Then came Sen. Elizabeth Warren (D-Mass.), whom the far left desires as a challenger to the presumptive 2016 Democratic presidential candidate, Hillary Clinton. Fearful that Clinton could move toward the middle during the primary, more radical liberals want a challenge from the far left.

The emergence of the Warren factor made conversations and reporting among Democrats anything from awkward to dismissive. But as the Affordable Care Act unraveled, awkwardness became a new normal for the Party faithful. Listening to Democrats try to defend the president’s health care debacle has been painful.

I am not talking about the delusional side led by Congresswoman Nancy Pelosi. Far more intelligent liberals have looked painfully uncomfortable trying to offer a positive spin or just trying to change the subject to “those terrible, horrible Republicans.” It’s been embarrassing to our country.

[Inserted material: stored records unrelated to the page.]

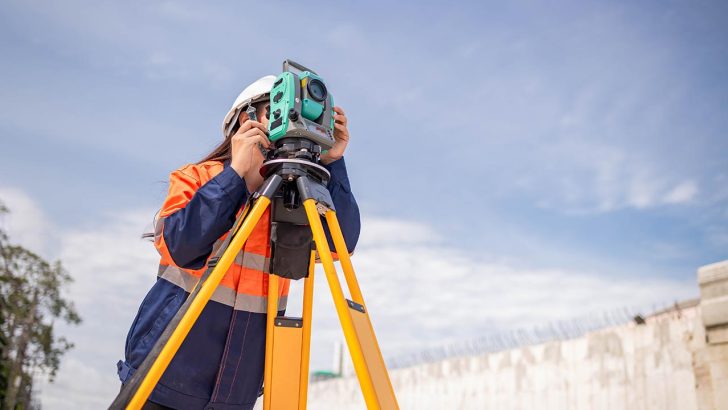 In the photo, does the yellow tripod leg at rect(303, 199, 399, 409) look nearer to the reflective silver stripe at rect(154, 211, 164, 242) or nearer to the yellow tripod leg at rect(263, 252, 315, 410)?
the yellow tripod leg at rect(263, 252, 315, 410)

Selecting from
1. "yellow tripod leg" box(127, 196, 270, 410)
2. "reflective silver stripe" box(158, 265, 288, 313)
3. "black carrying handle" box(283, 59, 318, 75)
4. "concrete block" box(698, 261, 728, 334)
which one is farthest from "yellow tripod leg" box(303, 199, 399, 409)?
"concrete block" box(698, 261, 728, 334)

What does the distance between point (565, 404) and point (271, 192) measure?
628cm

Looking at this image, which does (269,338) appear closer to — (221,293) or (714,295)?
(221,293)

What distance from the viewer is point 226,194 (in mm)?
1646

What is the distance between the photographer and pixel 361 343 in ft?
4.39

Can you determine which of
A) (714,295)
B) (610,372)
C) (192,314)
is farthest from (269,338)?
(610,372)

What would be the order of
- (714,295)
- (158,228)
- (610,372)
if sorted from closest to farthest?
(158,228) → (714,295) → (610,372)

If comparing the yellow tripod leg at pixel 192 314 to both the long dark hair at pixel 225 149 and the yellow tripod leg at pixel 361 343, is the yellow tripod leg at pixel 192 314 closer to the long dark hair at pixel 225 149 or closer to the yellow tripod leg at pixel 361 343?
the yellow tripod leg at pixel 361 343

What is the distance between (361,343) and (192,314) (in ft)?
1.44

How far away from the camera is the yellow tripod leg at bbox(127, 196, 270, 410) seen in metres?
1.28

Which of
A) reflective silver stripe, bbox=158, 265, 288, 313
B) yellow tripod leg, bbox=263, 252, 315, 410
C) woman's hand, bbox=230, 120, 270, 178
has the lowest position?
yellow tripod leg, bbox=263, 252, 315, 410

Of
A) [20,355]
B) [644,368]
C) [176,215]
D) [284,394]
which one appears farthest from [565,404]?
[20,355]

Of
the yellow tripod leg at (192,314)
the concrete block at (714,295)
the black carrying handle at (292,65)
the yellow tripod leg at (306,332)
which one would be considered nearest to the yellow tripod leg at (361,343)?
the yellow tripod leg at (192,314)

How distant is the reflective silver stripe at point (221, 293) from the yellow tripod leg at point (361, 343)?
1.53 feet
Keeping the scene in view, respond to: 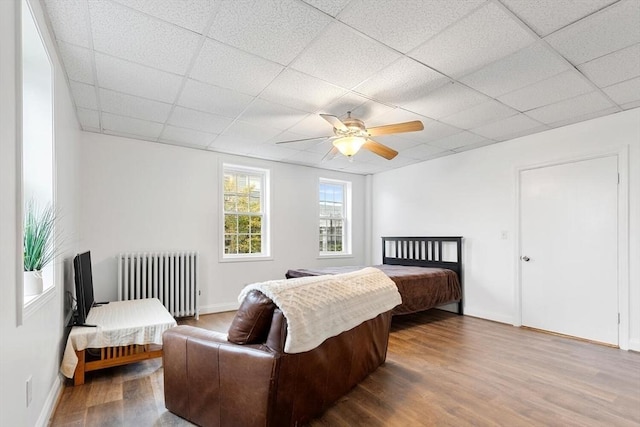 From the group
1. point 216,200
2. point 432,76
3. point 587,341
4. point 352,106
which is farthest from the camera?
point 216,200

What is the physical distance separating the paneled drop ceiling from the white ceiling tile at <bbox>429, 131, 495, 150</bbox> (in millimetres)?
311

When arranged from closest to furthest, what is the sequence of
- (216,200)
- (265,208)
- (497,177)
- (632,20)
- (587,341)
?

Awkwardness, however, reached a new level when the president himself offered a quasi-apology and assured Americans that he would tweak the federal law to make it work better. Did he plan to run it through the required legal process before changing it? He didn’t present it that way.

But even if the president does act unilaterally regarding the law, he can’t talk his way out of the national mess of the Affordable Care Act. This time, style won’t trump substance. Instead of insuring the uninsured, Obamacare is causing millions to lose their insurance. Despite broken promises and a website failure, the ACA is actually positioned to fine those who lost their insurance. How did we get into this mess?

Barack Obama won the office of president as an eloquent speaker who made an easy contrast of style with former President George W. Bush. Obama clearly came to office on style over substance. (He simply didn’t have enough experience to offer substance.) Yet he can’t be completely blamed because voters evidently wanted it this way.

President Obama has operated on style over substance all the way from election to re-election. Like the contrast with Bush, neither John McCain nor Mitt Romney, the Republicans who challenged Obama and lost, offered much of a challenge. They got “out-styled.”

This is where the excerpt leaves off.